A ello se añade la falta de referencias que tenemos los y las occidentales respecto a la relación entre maestro y alumno, se hace difícil conocer la esencia y el significado último del raihai, la veneración y entrega incondicionales del discípulo para ser convenientemente conducido por su maestro, relación con una larga tradición en la espiritualidad oriental pero sin referencias, al menos recientes, en Occidente.

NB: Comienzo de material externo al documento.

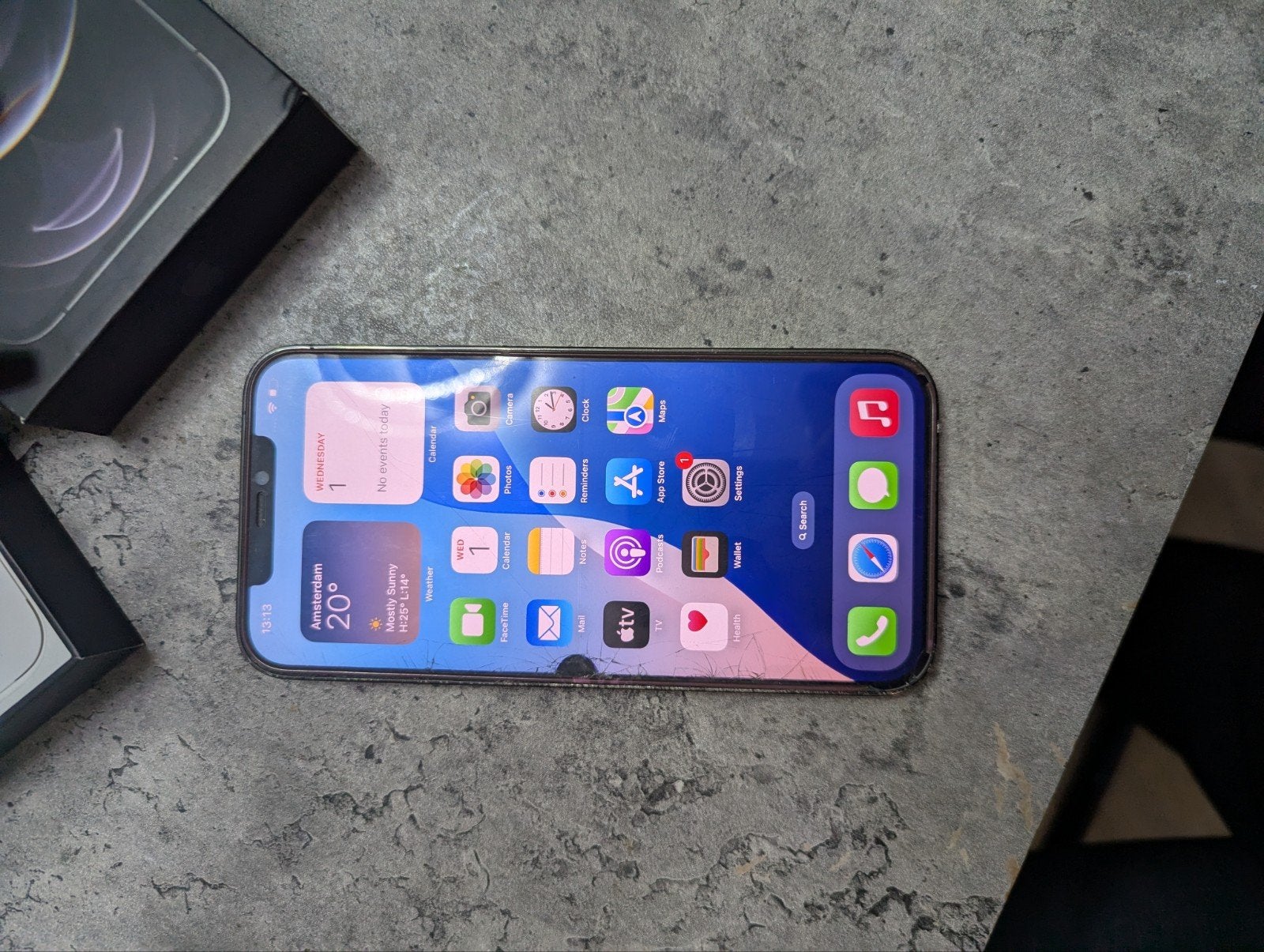 iPhone 12 Pro Max - Kapot voor onderdelen/reparatie, Telecommunicatie, Mobiele telefoons | Apple iPhone, Zonder simlock, 74 %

Entre lecciones y sesiones de zazen fue transcurriendo el fin de semana, arrullados por la lluvia durante el día, acunados por ella en el sueño de la noche. Pero puesto que todo tiene un principio y un final llegó el domingo, la lección magistral tomó forma de coloquio y la práctica se adornó con un último zazen. Los cielos se pusieron de acuerdo y cesó la lluvia para permitir unas fotos de la sangha con el maestro en pleno claustro del monasterio. Fue el momento para una última y exquisita comida entre el animado charloteo, signo de la felicidad que tomaron los corazones. Dokushô sensei se despidió sonriente y se marchó solo, sin dejar huella… pues bien sabido es que las huellas del corazón son invisiles y los corazones que llegaron al lluvioso Soto-Iruz la tarde del viernes no parecían ser los mismos que dejaron el sagrado lugar avanzado el domingo. Tal vez no fuesen corazones libres de los nubarrones del sufrimiento, pero no había ignorancia capaz de impedir ver los claros entre esas nubes, esos luminosos claros que están al alcance de nuestra voluntad y entrega, de nuestra capacidad para ser discípulas y discípulos, si es que así lo decidimos.